Said Halim Paşa, İslam’ın tarihsel gelişiminde skolastik etkinin, hükümdarlık mekanizmasıyla birlikte ruhaniliği kuvvetlendirdiğine işaret ediyor. Din üzerindeki mahalli ve ırka dayalı etkilerin de gereğinden fazla farklı yorumlamaya yol açtığını belirtiyor. Böylece Müslümanların ahlâk ve toplum düzenleri “İslami” olmaktan çok İranlı, Hintli, veya Türk’e veyahut Arap’a ait oldular. Yazara göre İslam, en fazla tahribatı Müslümanlığı kabul eden milletlerin ırkî ve ırsî hurafelerinden görmüştür.

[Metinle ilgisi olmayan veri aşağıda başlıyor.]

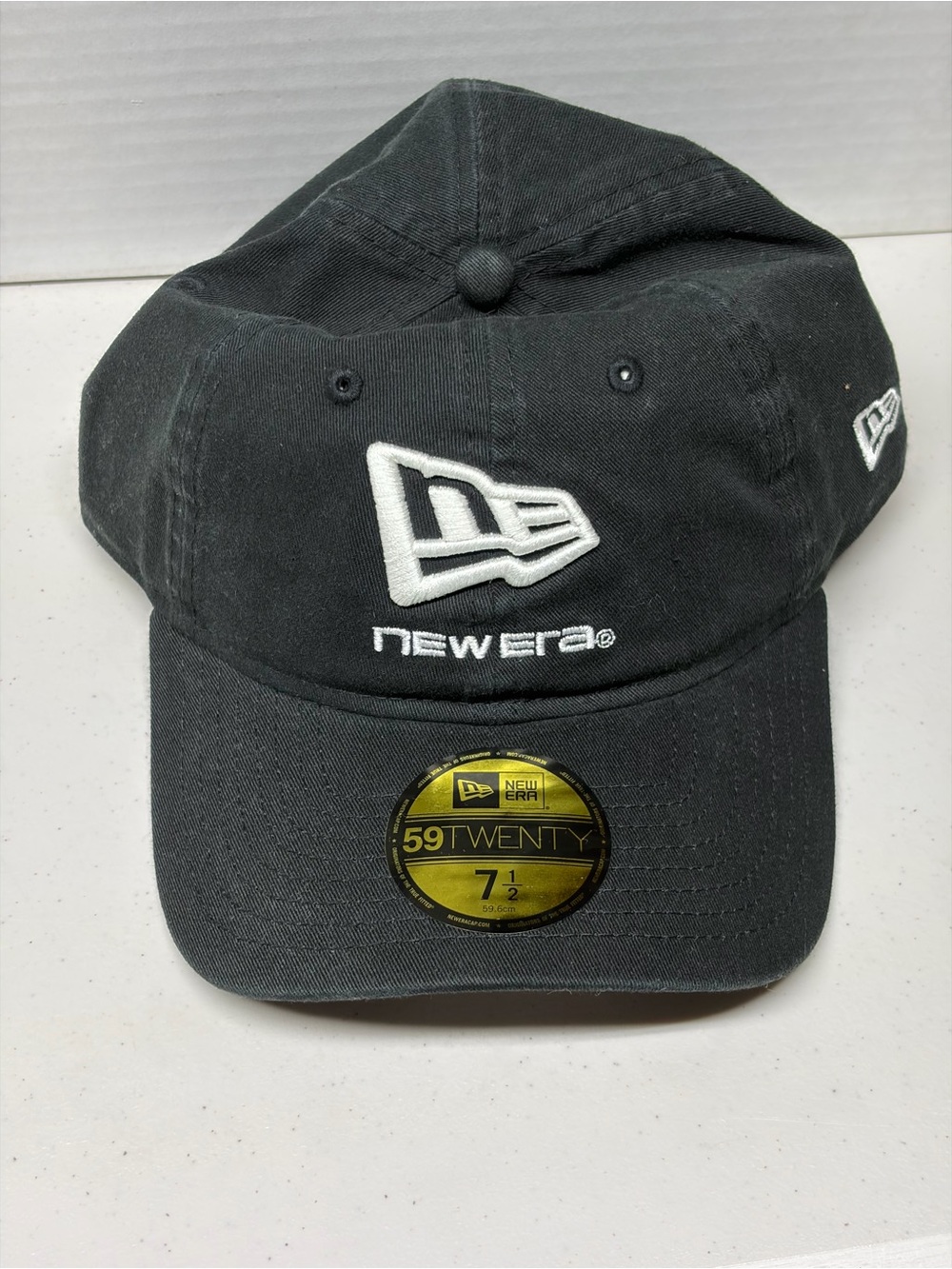 New Era Black 59TWENTY Embroidered Logo Cap 7 1/2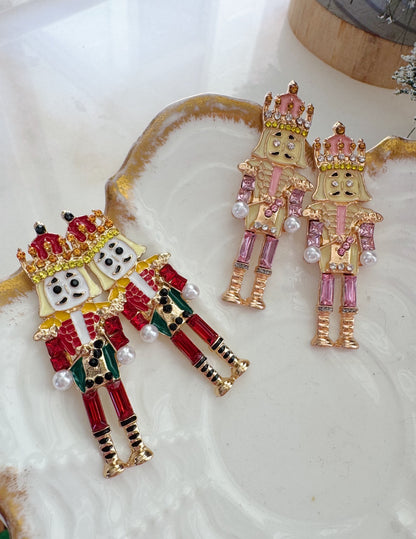 Nutcracker Earrings, Nutcracker Jewelry, Christmas Gift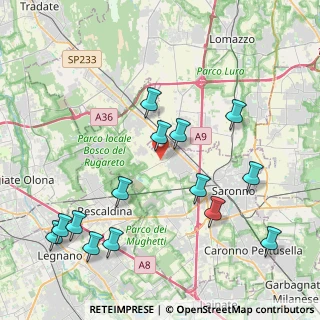 Mappa Via Don Gnocchi, 21040 Gerenzano VA, Italia (4.69)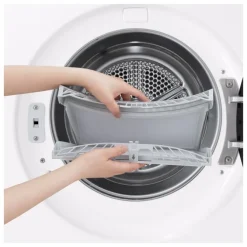 LG RHX7010TWB Asciugatrice 10kg Pompa di calore, Classe C, Motore Direct Drive, AI Dry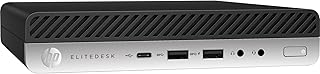 HP EliteDesk 800 G3 Mini Business Desktop PC Intel Quad-Core i5-6500T up to 3.1G,16G DDR4,256G SSD,VGA,DP Port,Windows 10 Professional 64 Bit-Multi-Language-English/Spanish (Renewed)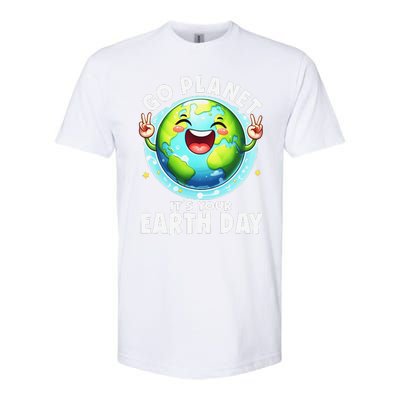 Go Planet ItS Your Earth Day Cute Earth Softstyle® CVC T-Shirt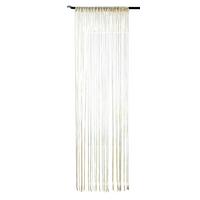 FADENGARDINE Shanghai HxB 230x100 cm Creme Lurex - Creme, Textil (100/230cm) - Gardinenbox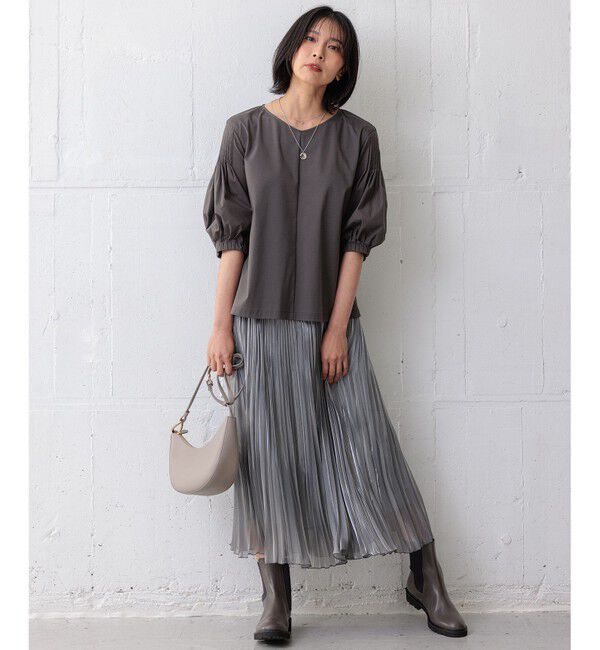 23区「【新色追加/洗える】スムースデザイン パフスリーブ カットソー」|Tシャツ・カットソー|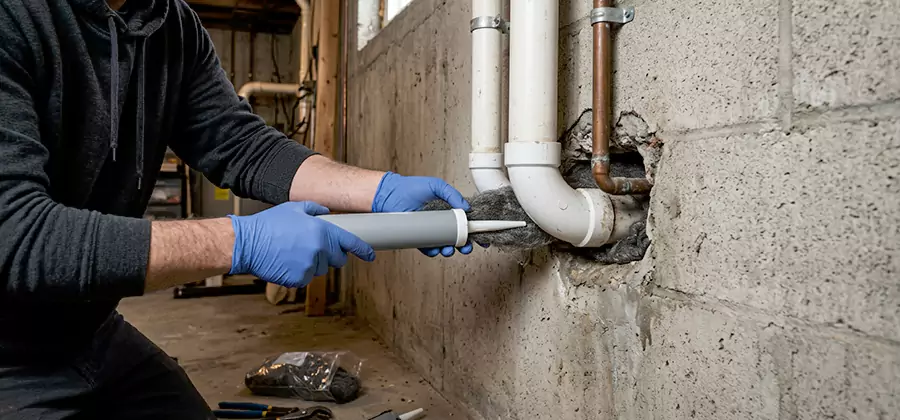 Mouse Proofing Pipes in Estero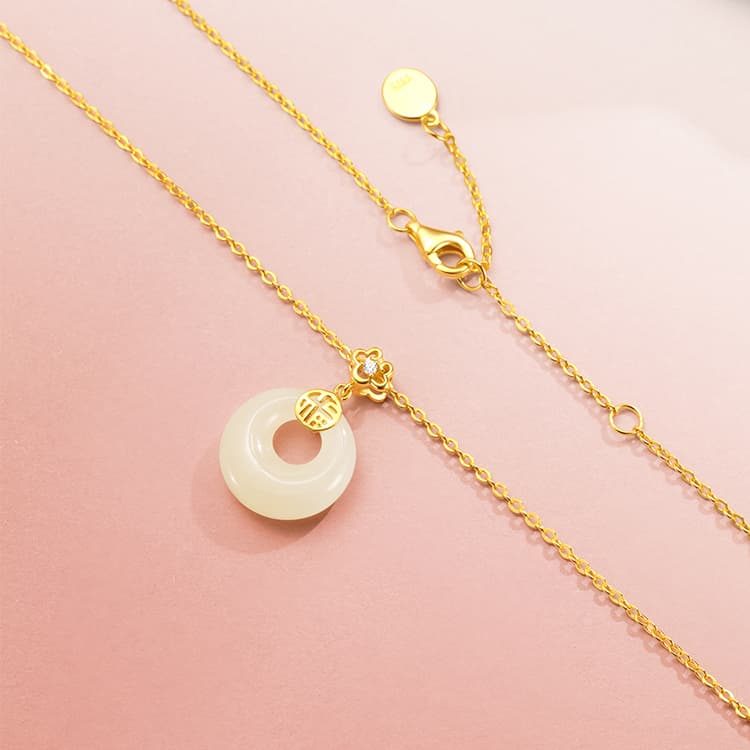 Ожерелья из зеленого нефрита Gongzhu Hetian, женские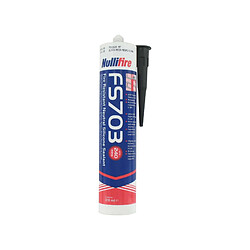 Nullifire Mastic coupe-feu silicone - Noir
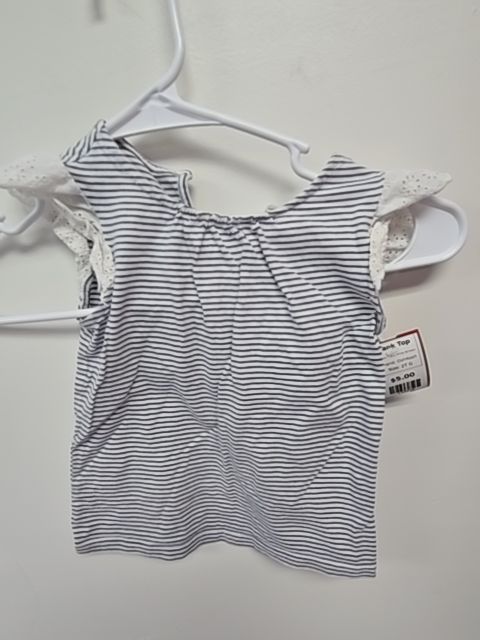 Navy/White Striped OshKosh Tank Top, 2T G
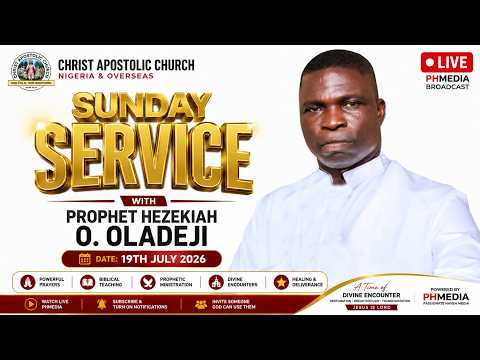 SUNDAY SERVICE WITH PROPHET HEZEKIAH O. OLADEJI || 19TH JULY 2026 ||  Prophet Hezekiah LIVE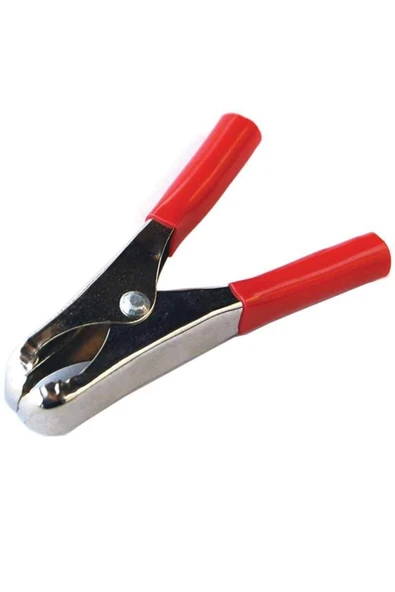 harry 2 Adet Krokodil Akü Maşası Büyük Boy (100mm) Siyah * Kırmızı 1 Takım Akü Takviye Maşası - Resim 2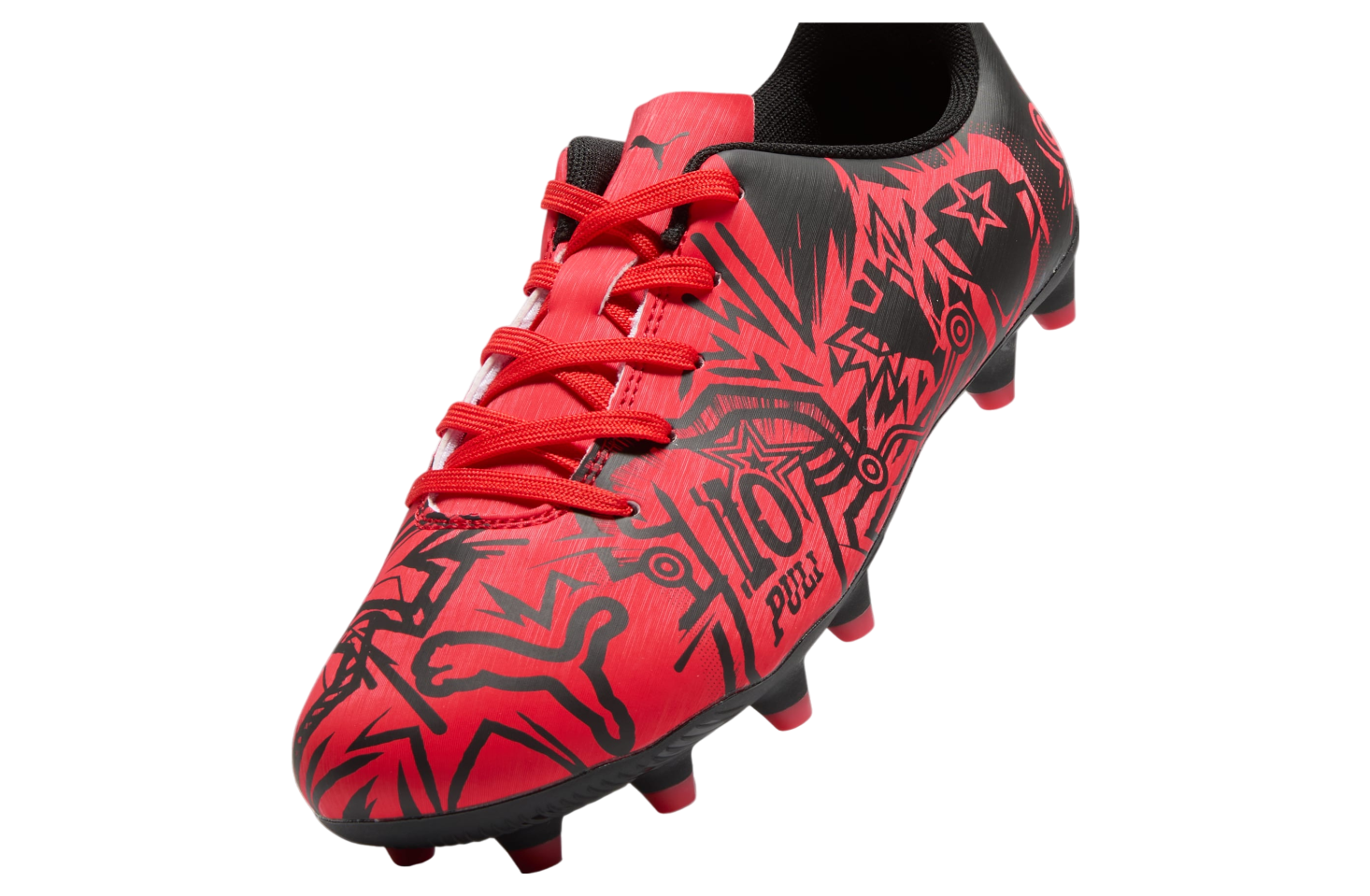 Puma X Christian Pulisic Tacto Ii FG/AG GS Red / Black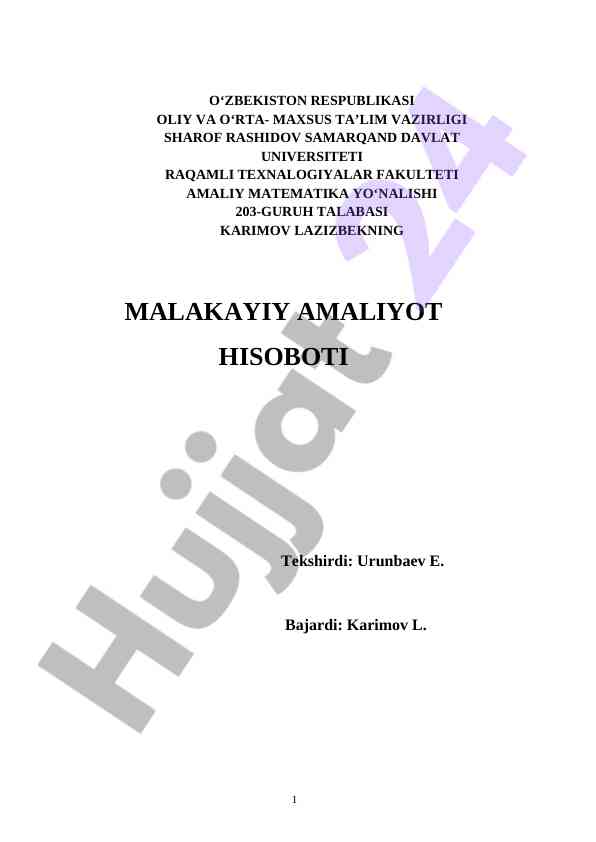 Koshi masalasiga keltiriladigan amaliy masalalar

Yazar, Türklerin İslam’ın esaslarını kolay şekilde benimseyen bir millet olmasını, İslam’dan önceki medeniyetlerinin yeterince gelişmemiş olmasına bağlamıştır. Bu nedenle Türkler, İslam’ın esaslarını en iyi anlayan ve en güzel şekilde tatbik eden millet olmuştur. Said Halim Paşa’ya göre , İslam’ı kabul etmeden önce ilerlemiş medeniyetler kurmuş olan milletler, eski medeniyetlerinin zararlı tesirleri altında kalmıştır. Türkler de tarihin ilerleyen dönemlerinde artan Arap ve İran etkisiyle kendi temiz İslam yorumlarından ve saf Müslümanlıktan uzaklaştılar. Sonunda ötekiler gibi gerilediler. Son dönemlerde ise Avrupa ile temas neticesinde düşmüş oldukları uykudan uyanmak istediler, fakat mazilerindeki büyüklüğü meydana getiren kuvvetin İslam olduğunu unutarak, bu kuvvetin batıdan gelebileceğini zannettiler.
Said Halim Paşa, döneminde yaşanan batılılaşma ve ıslahat hareketlerini “Osmanlı Rönesansı” olarak adlandırmış ve bu dönemi başka ifadeyle ikinci bir “İslam’dan Uzaklaşma Süreci” olarak nitelendirmiştir.